## Work to complete
From the data below, return only the lines from the one with "Farmhouse disrepair Mural print" through the one with "zselés csótányirtás", exact and inclusive, with pictures left out.

## Dataset
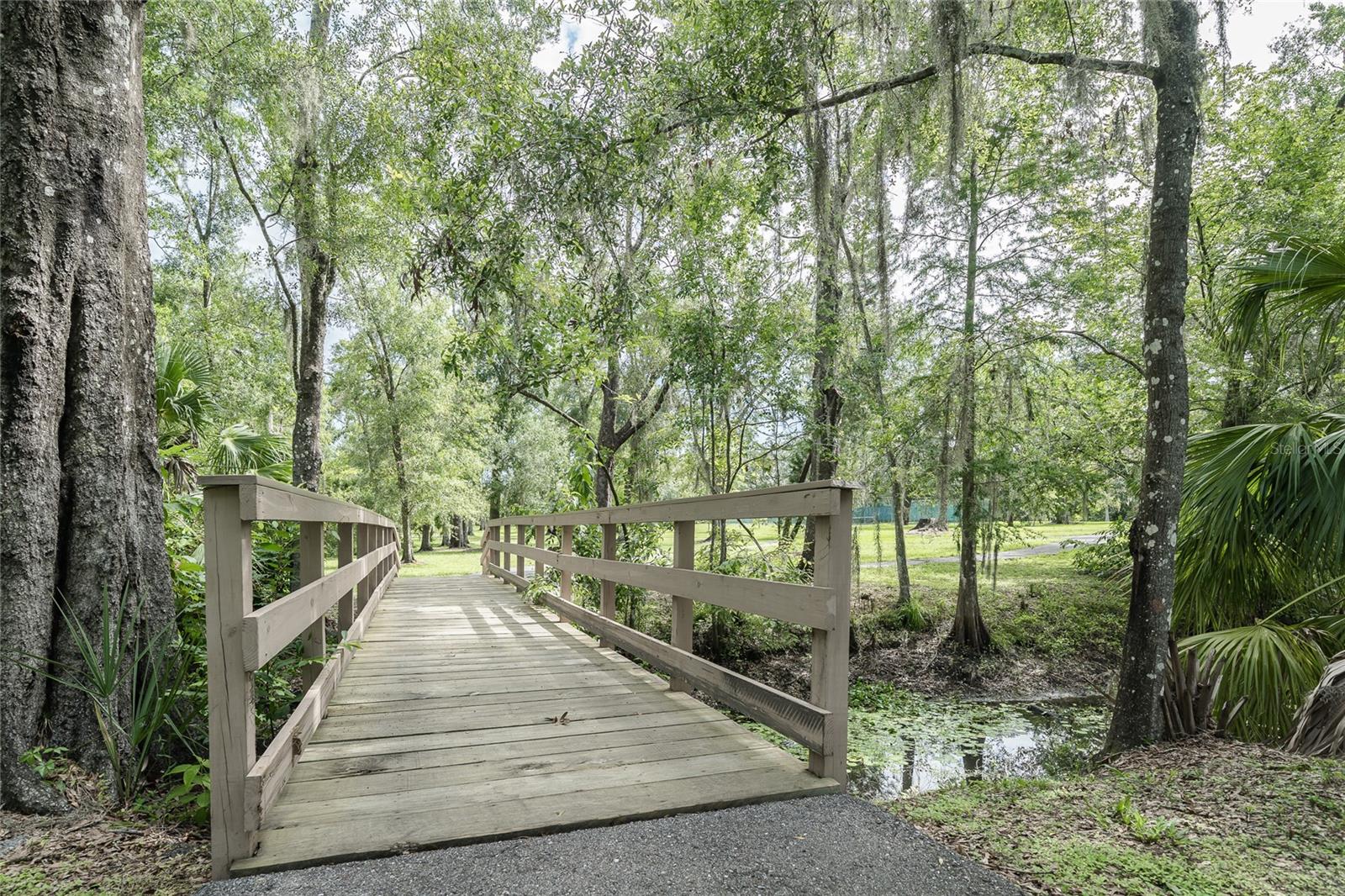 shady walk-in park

--

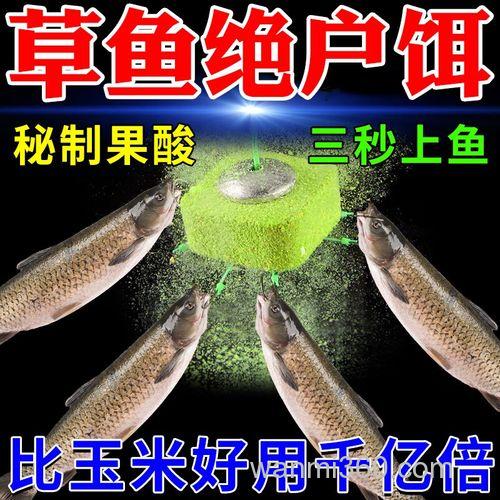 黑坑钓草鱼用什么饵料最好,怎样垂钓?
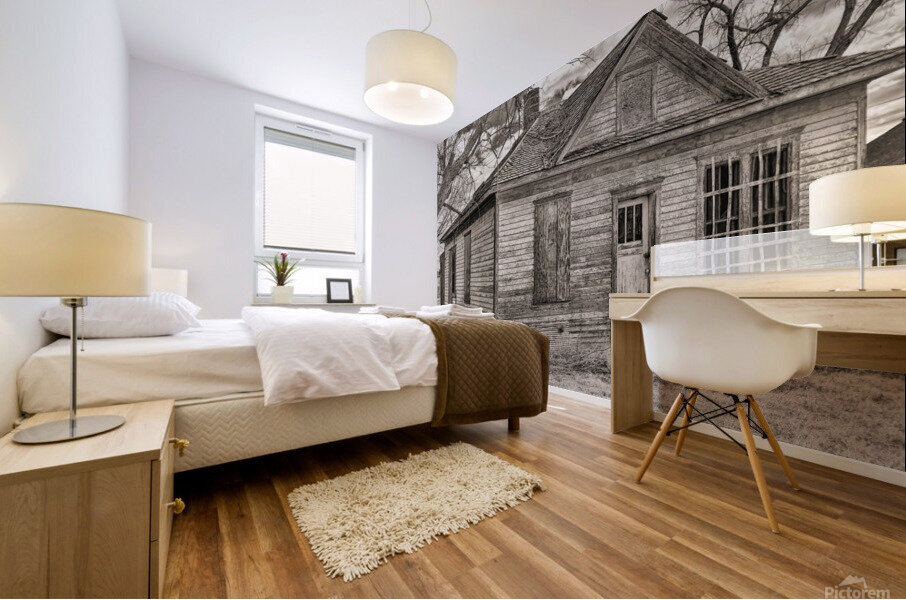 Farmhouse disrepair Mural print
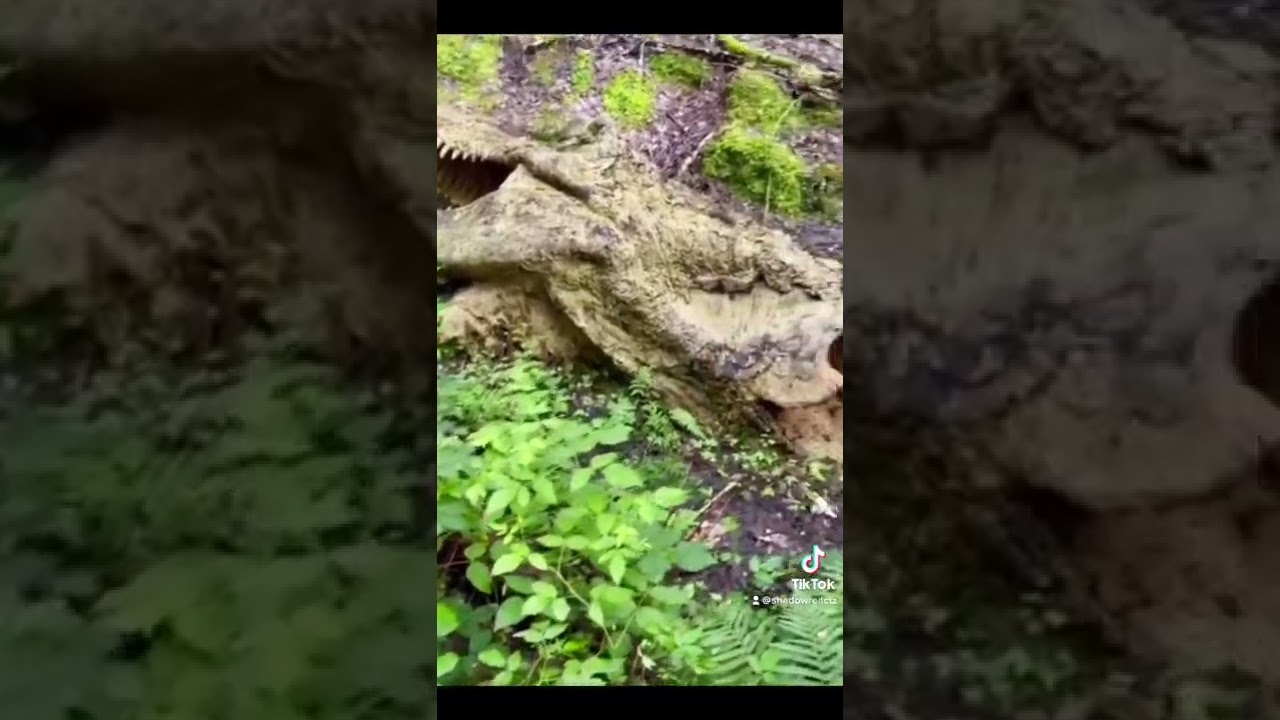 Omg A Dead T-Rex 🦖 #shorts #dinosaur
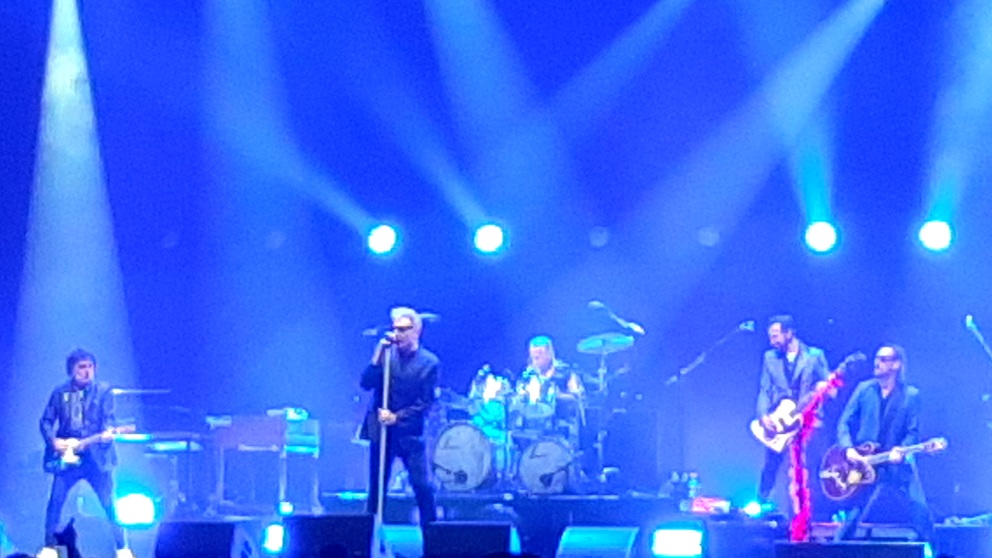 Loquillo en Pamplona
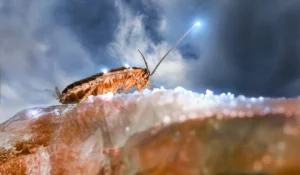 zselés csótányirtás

## Answer section
 Farmhouse disrepair Mural print
 Omg A Dead T-Rex 🦖 #shorts #dinosaur
 Loquillo en Pamplona
 zselés csótányirtás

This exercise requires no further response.